Se debe al respecto comenzar por señalar que esa designación no es desde la perspectiva institucional una cuestión menor, si se tiene en cuenta que viene a presidir el organismo que se ocupa de “examinar las cuentas” del gobierno central, de las municipalidades y de todo organismo estatal de nuestra provincia.
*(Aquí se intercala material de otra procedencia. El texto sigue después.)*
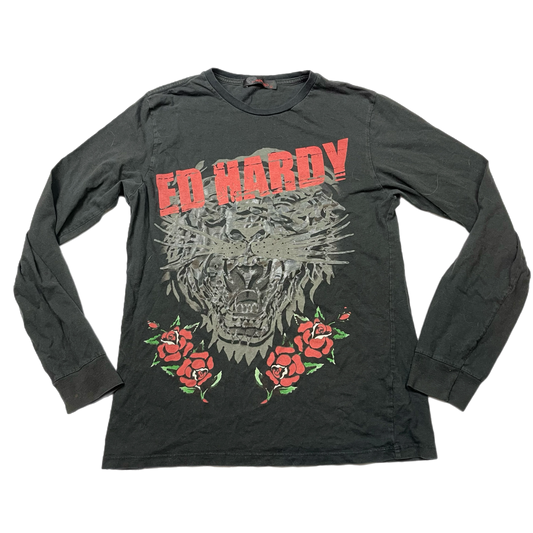 Y2K Ed hardy long sleeve top (L)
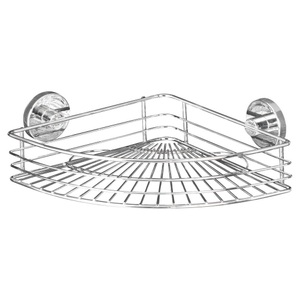 Vacuum Loc, Stabiles Eckregal, Wenko Duschregal , Vacuum-Loc , Chromfarben , Metall , 31.5x8.5x22 cm , verchromt , 004332006507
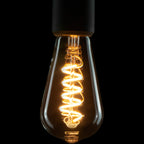 SEGULA LED Soft Rustika Curved klar – E27, 6 W, 1.900 K, dimmbar – Bild 2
A lo que se debe agregar que se trataba de una cuestión que venía “manoseada”, dada que la vacancia del cargo fue consecuencia de la renuncia forzada al mismo de anterior ocupante. Decimos forzada, dado que ella fue consecuencia que la designación del renunciante efectuada por el exgobernador Urribarri -de quien se sabe que muchas de sus acciones oficiales han sido materia de imputaciones penales, o se han considerado “sospechosas” cuando no al menos “sospechables”- sin respetar las formas legalmente exigidas.

La designación de un nuevo presidente fue objeto de un concurso a cargo del Jurado de Concursos respectivo en el que, cabe destacarlo, se respetó el debido proceder y, como resultado, el jurado respectivo confeccionó una terna, de la que corresponde su tratamiento por parte del Senado provincial, y de la cual debe elegir el gobernador quién de los propuestos considera como más adecuado para ocupar ese cargo.

Como casi se descuenta, esa terna superará su tránsito por ese cuerpo y merece el tratamiento del Senado a cuya cabeza figura el actual titular del bloque oficialista en la Cámara de Diputados de la provincia, quien fue en su momento designado, la reacción de los “cuestionadores” se nos ocurre que cabría considerarla no solo mal rumbeada sino también extemporánea, dado que en su contenido se omite mencionar impugnaciones concretas al concurso. Mientras que, a la contra reacción del oficialismo, precisamente por lo mismo, la consideramos exuberante y a la vez descomedida.

Es que por nuestra parte suponemos que la disputa debió haberse centrado en si el comportamiento del gobernador merecería un reparo de orden ético, de priorizar al momento de la designación de la terna que se elevara, a quien ocupa en la misma el primer lugar.

Algo de lo cual nada se ha dicho, ya que ni siquiera se lo ha mencionado, que la disputa se desvió hacia las banquinas, y que al respecto no consideramos pertinente fijar posición sobre este aspecto de la cuestión. Todo ello, advirtiendo que se trata de una cuestión harto sensible, y que sobre ella es atribución del primer mandatario pronunciarse, de acuerdo a lo que le dicte su conciencia.

Máxime si se tiene en cuenta que no existe nada que nos lleve a dudar de la honradez y honorabilidad de nuestro gobernador Bordet.